Graph -- Shortest Path

+-------------------+------------------+---------+------------------------------+
| Algorithm         | Time             | Space   | When to use                  |
+-------------------+------------------+---------+------------------------------+
| BFS (0-1)         | O(V + E)         | O(V)    | Edge weights 0 or 1 only     |
| Dijkstra (heap)   | O((V+E) log V)   | O(V)    | Non-negative weights         |
| Dijkstra (set)    | O((V+E) log V)   | O(V)    | Same, with decrease-key      |
| Bellman-Ford      | O(V * E)         | O(V)    | Negative weights, neg cycle  |
| SPFA              | O(V * E)         | O(V)    | Bellman-Ford + queue (avg    |
|                   |                  |         | faster, same worst case)     |
| Floyd-Warshall    | O(V^3)           | O(V^2)  | All-pairs, V <= 500         |
+-------------------+------------------+---------+------------------------------+

Contest note: SPFA has the same $O (V E)$ worst case as Bellman-Ford. Problem setters on Codeforces frequently add anti-SPFA tests.

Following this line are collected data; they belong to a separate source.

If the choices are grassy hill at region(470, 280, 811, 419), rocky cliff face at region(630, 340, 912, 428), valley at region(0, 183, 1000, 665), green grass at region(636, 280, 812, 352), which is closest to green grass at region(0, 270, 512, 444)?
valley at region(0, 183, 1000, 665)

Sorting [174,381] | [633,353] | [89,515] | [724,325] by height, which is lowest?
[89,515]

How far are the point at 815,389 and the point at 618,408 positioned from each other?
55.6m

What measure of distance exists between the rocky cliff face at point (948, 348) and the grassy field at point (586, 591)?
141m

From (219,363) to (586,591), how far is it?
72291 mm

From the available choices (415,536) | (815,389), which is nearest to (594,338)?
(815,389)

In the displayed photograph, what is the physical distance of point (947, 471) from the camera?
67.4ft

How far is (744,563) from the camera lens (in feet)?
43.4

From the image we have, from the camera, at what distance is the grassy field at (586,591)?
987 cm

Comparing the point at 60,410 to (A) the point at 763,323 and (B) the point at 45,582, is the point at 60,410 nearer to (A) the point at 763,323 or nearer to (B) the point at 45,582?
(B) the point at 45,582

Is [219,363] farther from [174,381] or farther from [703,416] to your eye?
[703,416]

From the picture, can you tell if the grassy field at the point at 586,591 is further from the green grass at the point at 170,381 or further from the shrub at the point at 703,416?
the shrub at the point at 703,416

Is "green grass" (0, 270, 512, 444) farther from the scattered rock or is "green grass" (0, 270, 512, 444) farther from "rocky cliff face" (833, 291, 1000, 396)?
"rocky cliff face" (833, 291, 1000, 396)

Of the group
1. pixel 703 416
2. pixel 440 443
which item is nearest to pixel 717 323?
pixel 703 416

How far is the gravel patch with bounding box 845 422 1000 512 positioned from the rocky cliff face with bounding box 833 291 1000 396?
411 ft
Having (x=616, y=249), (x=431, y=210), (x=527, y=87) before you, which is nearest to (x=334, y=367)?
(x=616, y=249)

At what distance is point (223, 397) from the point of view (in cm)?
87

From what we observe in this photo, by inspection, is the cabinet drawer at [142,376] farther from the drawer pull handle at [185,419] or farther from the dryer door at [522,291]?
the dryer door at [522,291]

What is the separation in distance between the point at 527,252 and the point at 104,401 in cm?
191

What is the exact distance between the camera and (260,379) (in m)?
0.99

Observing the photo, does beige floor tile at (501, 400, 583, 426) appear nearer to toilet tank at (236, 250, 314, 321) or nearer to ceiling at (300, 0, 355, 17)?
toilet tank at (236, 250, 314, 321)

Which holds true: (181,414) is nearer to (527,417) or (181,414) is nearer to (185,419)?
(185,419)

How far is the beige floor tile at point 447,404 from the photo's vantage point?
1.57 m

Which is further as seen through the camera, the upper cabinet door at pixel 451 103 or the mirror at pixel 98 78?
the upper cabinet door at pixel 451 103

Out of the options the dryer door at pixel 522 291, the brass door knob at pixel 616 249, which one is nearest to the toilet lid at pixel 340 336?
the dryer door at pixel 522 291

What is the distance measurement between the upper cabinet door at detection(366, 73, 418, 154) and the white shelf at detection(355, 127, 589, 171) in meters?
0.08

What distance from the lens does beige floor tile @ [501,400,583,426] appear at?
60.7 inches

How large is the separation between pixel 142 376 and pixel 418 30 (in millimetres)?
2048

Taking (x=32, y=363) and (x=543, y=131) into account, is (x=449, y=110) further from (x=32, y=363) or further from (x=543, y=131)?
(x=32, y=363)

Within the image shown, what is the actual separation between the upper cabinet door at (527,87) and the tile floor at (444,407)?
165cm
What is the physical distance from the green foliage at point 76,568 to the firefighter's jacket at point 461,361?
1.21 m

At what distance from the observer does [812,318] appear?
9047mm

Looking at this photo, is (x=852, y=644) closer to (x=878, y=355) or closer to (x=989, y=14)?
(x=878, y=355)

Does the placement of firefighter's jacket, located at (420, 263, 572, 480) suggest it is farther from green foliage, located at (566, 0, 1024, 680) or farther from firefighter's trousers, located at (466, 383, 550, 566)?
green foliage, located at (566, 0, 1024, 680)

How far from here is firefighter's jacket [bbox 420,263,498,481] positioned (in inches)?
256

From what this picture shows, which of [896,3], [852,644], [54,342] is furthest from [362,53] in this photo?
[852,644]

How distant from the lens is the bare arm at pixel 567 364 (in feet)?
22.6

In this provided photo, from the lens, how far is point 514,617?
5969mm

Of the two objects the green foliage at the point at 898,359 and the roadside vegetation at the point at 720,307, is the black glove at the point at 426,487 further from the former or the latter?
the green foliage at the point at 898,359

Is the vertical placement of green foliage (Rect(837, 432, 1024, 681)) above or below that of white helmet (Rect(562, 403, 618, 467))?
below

Prefer Dijkstra when weights are non-negative.

Graph -- MST

+-------------------+-----------------+---------+------------------------------+
| Algorithm         | Time            | Space   | Notes                        |
+-------------------+-----------------+---------+------------------------------+
| Kruskal + DSU     | O(E log E)      | O(V)    | Sort edges, union-find       |
| Prim (heap)       | O((V+E) log V)  | O(V)    | Better for dense graphs      |
+-------------------+-----------------+---------+------------------------------+

String Algorithms

+-------------------+-----------------+---------+------------------------------+
| Algorithm         | Time            | Space   | What it computes             |
+-------------------+-----------------+---------+------------------------------+
| KMP               | O(n + m)        | O(m)    | Pattern matching, fail func  |
| Z-function        | O(n)            | O(n)    | Z-array (longest prefix =    |
|                   |                 |         | substring starting at i)     |
| Rabin-Karp        | O(n + m) avg    | O(1)    | Hashing-based matching       |
| Manacher          | O(n)            | O(n)    | All palindromic substrings   |
| Suffix array      | O(n log n)      | O(n)    | Sorted suffixes              |
|   + LCP           | O(n)            | O(n)    | Longest common prefix array  |
| Aho-Corasick      | O(sum + n + m)  | O(sum*A)| Multi-pattern matching       |
+-------------------+-----------------+---------+------------------------------+

$n$ = text length, $m$ = pattern length, $s u m$ = total pattern length, $A$ = alphabet size.

Number Theory

+--------------------+-----------------+---------+
| Algorithm          | Time            | Space   |
+--------------------+-----------------+---------+
| GCD (Euclidean)    | O(log(min(a,b)))| O(1)    |
| Sieve of Erat.     | O(n log log n)  | O(n)    |
| Fast exponentiation| O(log p)        | O(1)    |
| Modular inverse    | O(log m)        | O(1)    |
| Euler's totient    | O(sqrt(n))      | O(1)    |
| Factorization      | O(sqrt(n))      | O(1)    |
+--------------------+-----------------+---------+

DP Complexities

Common DP patterns with their typical time and space.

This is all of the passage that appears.